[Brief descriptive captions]
=== Section Start ===

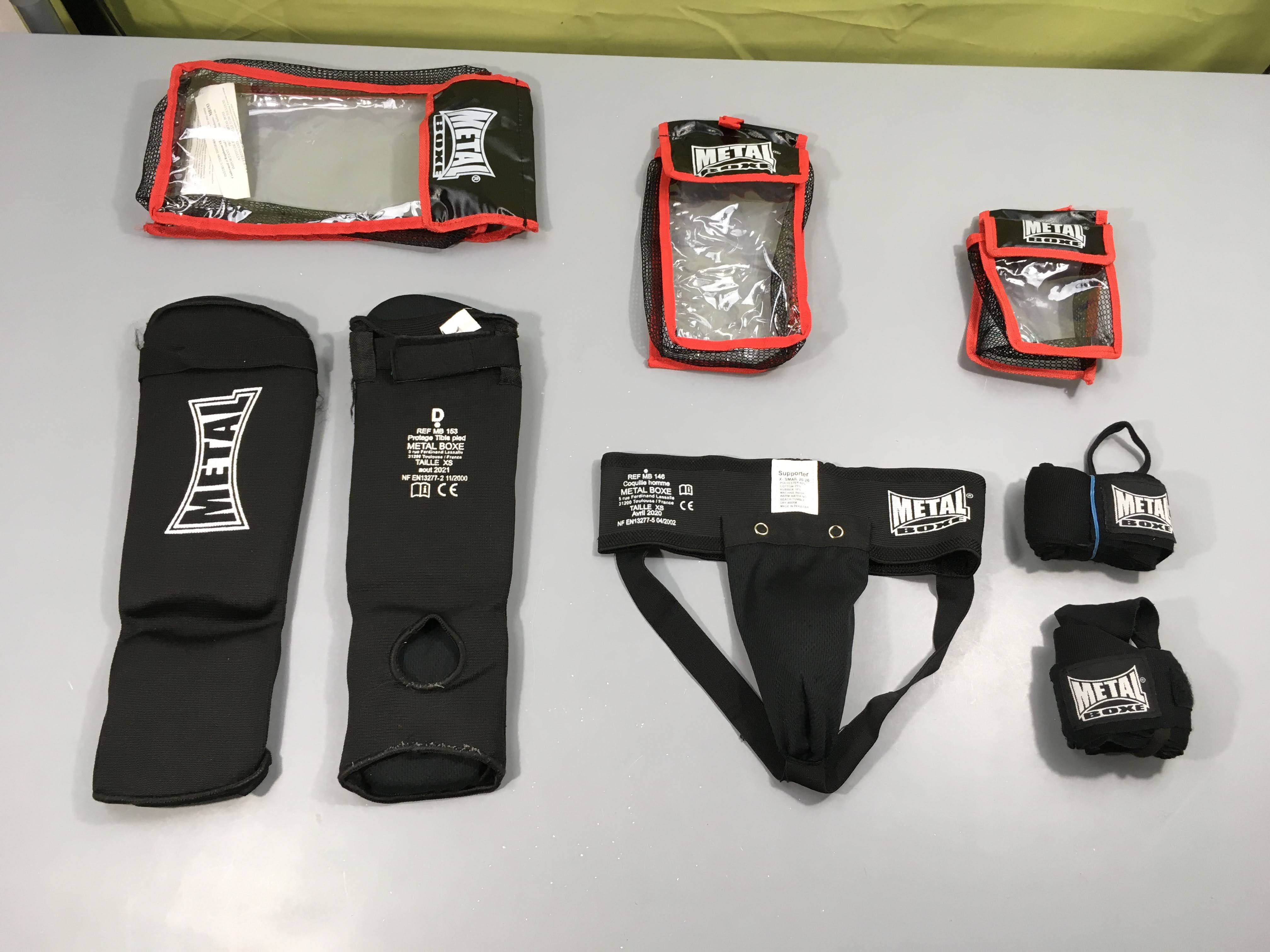 Protège tibias & pieds noir + coquille slip noir + bandes de boxe noir, XS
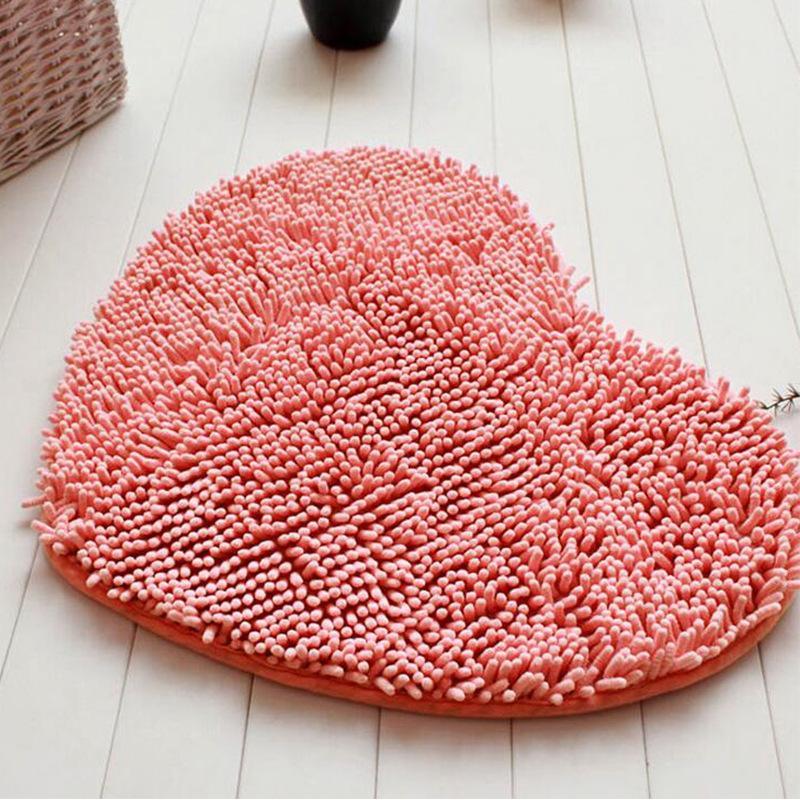 Tapis de bain en forme de cœur en peluche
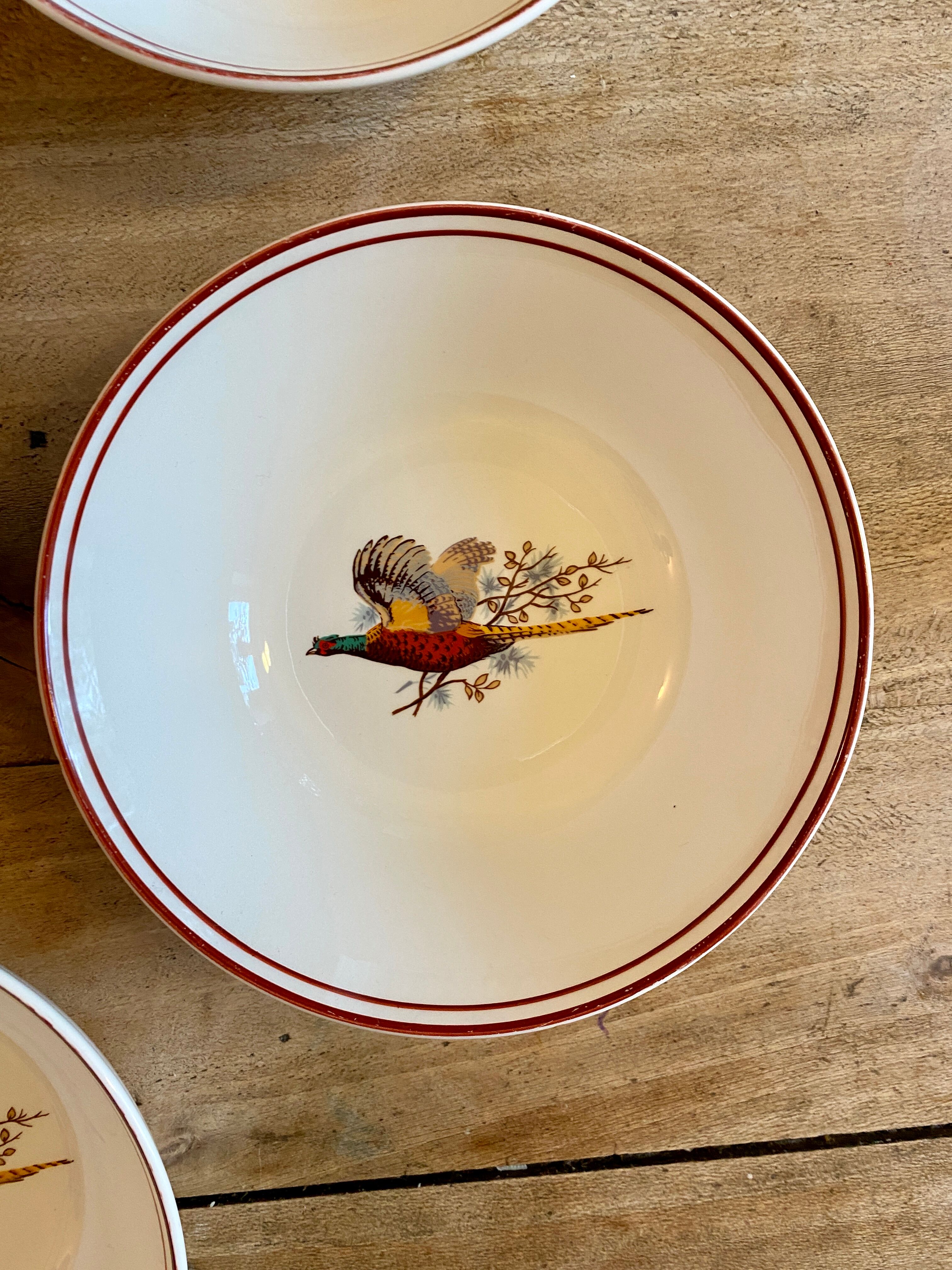 Set of 4 vintage bowls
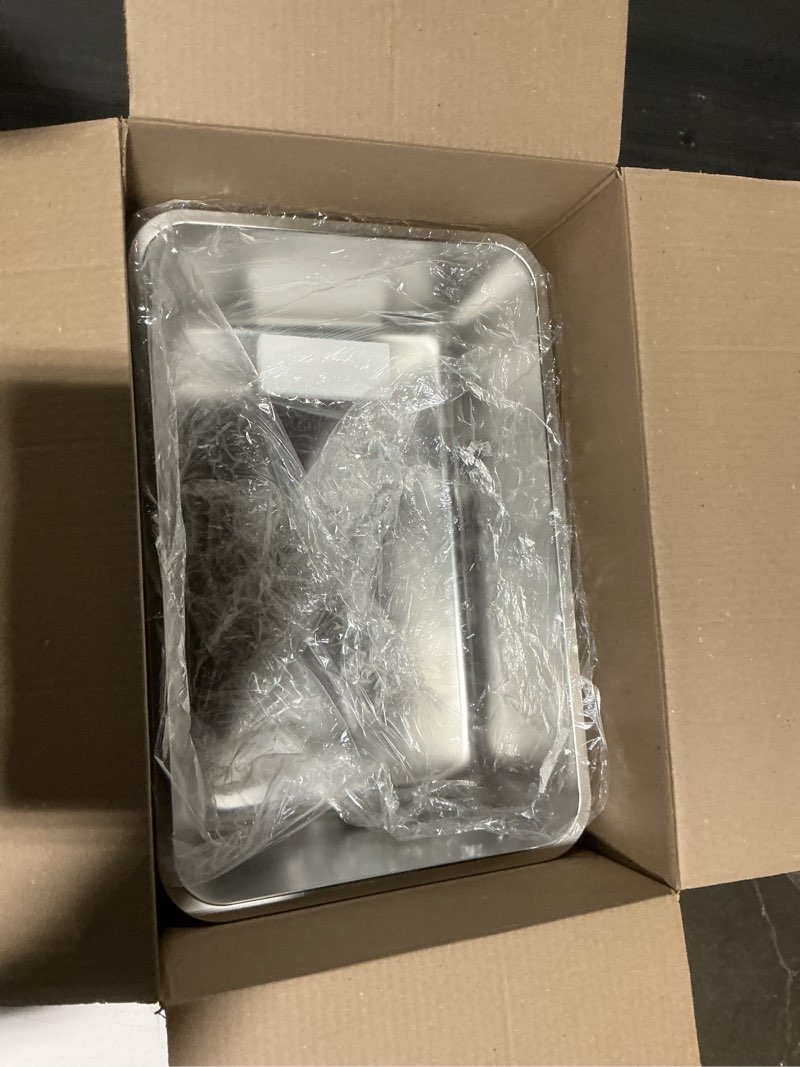Condition photo showing Good Condition for stainless steel cat litter box, 23.6"x15.8"x8" xxl stainless steel litter box 8 inch deep, extra large metal litterbox for big cats, non stick surface, easy to clean, high sided 1 pack-xxl (23.6"x15.7"x8")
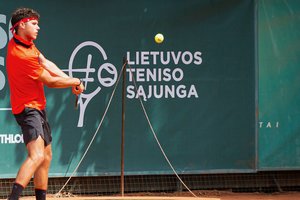 Lietuvos teniso sąjunga siūlo tarptautinėms federacijoms nutraukti ryšius su Rusija ir Baltarusija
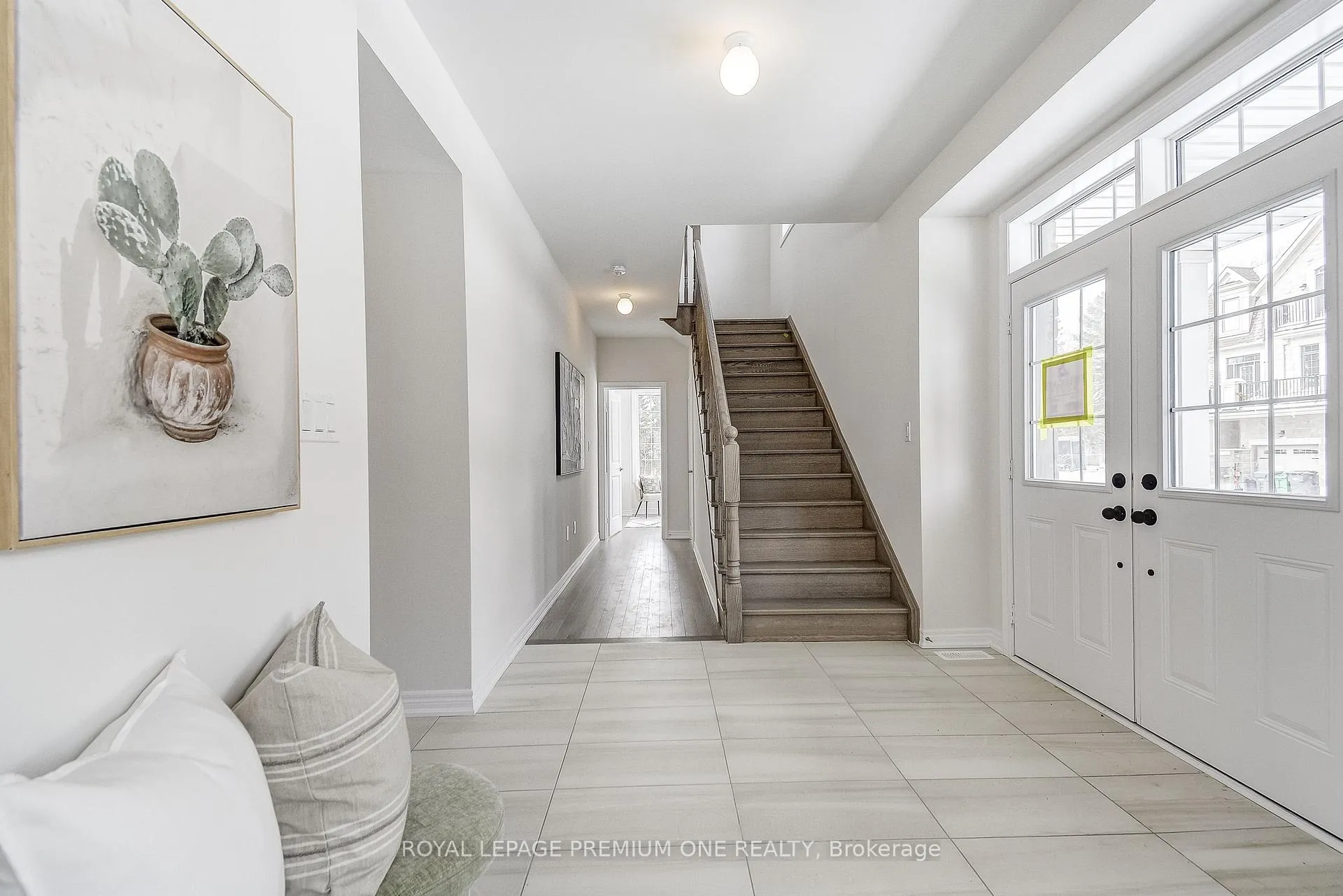 Photo 6 of 30 Hayrake Street, Brampton, Snelgrove — HOMEH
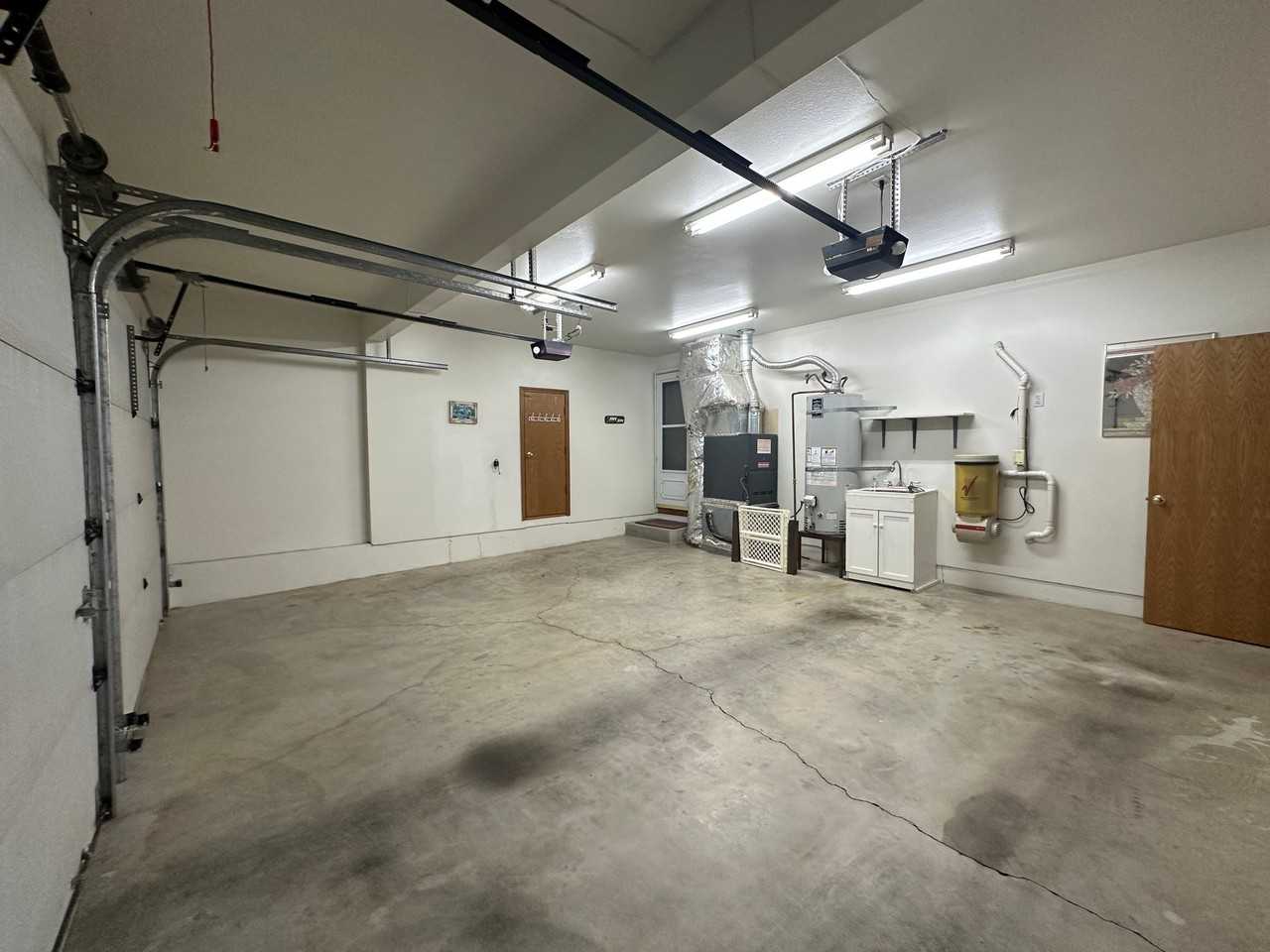 4509 Ne 122nd St - Photo 4 of 20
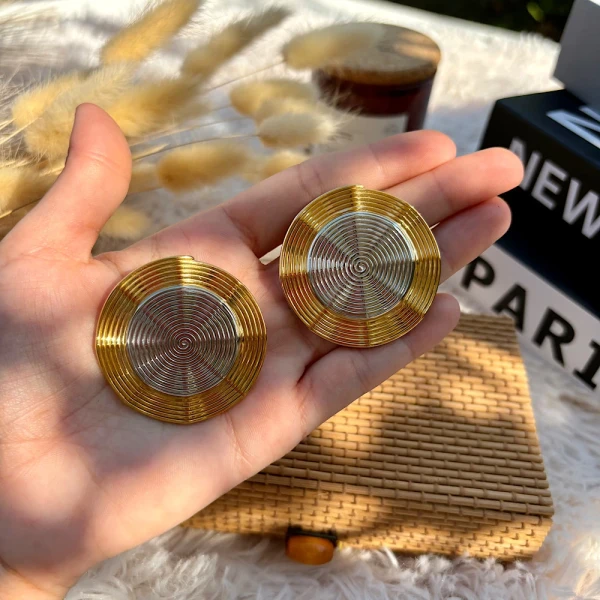 Ατσάλινα σκουλαρίκια "Golden Eclipse"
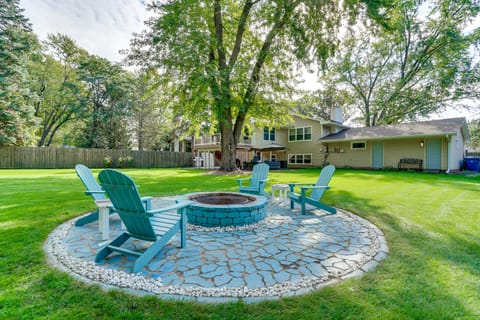 1 Mi to White Bear Lake & Dtwn: Twin Cities Escape Apartment in White Bear Lake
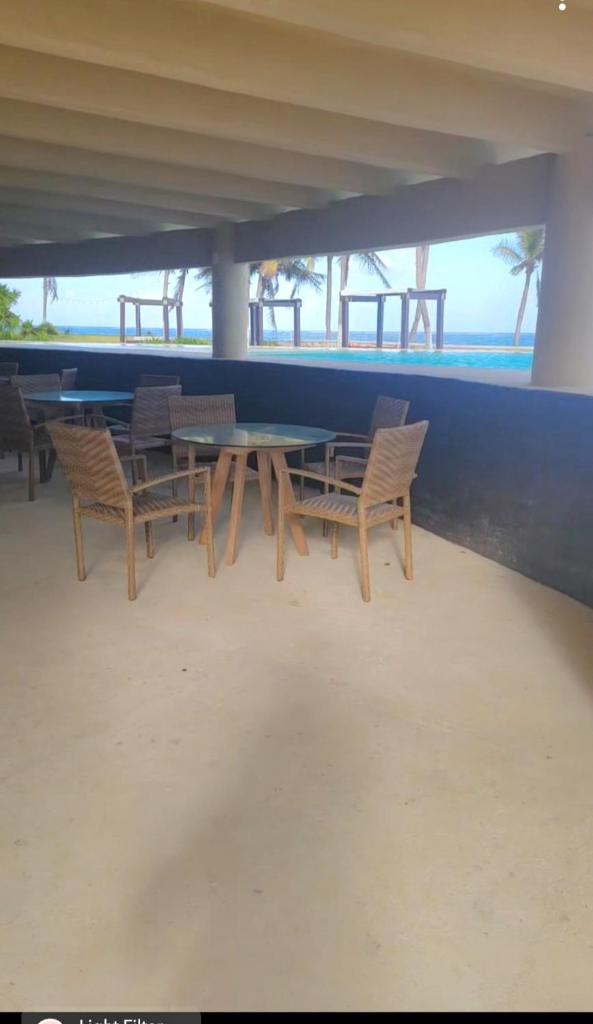 Beachfront Family 3Bdrm Condo with Pool + Balcony photo 1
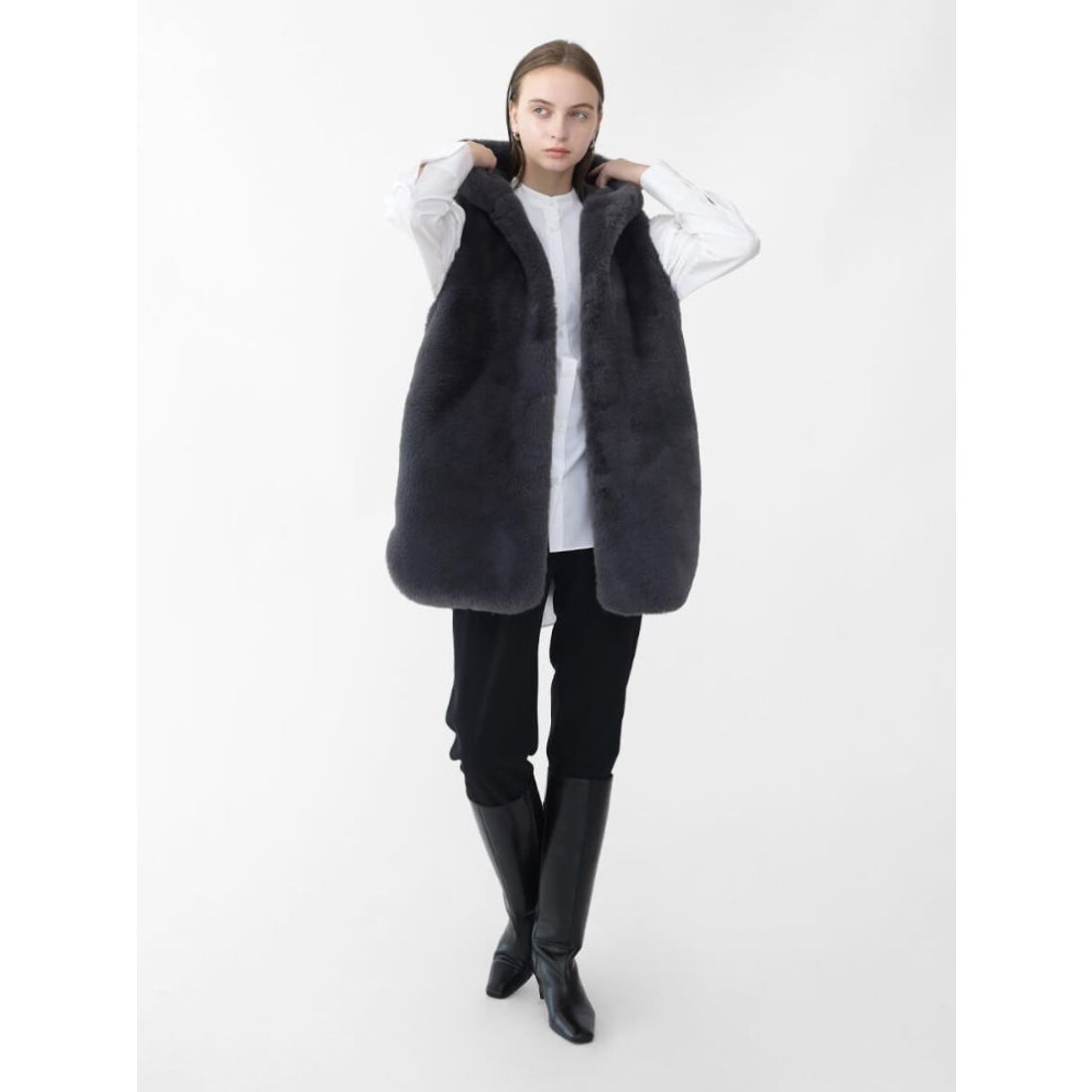 アーガ Aga THAIGREEN エコファーベスト （チャコールグレー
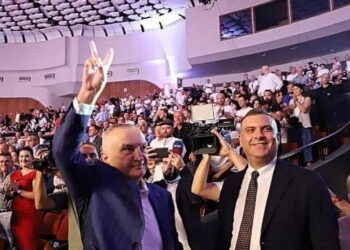 Tedi Blushi: Referendumi forma e përkryer e demokracisë, bandës së Rilindjes po i vjen fundi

=== Section End ===

#### [Aim of the task]
Exactly the lines above, from the one containing "Condition photo showing" down to the one containing "Lietuvos teniso sąjunga", are to be repeated, including both ends. Pictures are not part of the copy.

#### [Response]
Condition photo showing Good Condition for stainless steel cat litter box, 23.6"x15.8"x8" xxl stainless steel litter box 8 inch deep, extra large metal litterbox for big cats, non stick surface, easy to clean, high sided 1 pack-xxl (23.6"x15.7"x8")
 Lietuvos teniso sąjunga siūlo tarptautinėms federacijoms nutraukti ryšius su Rusija ir Baltarusija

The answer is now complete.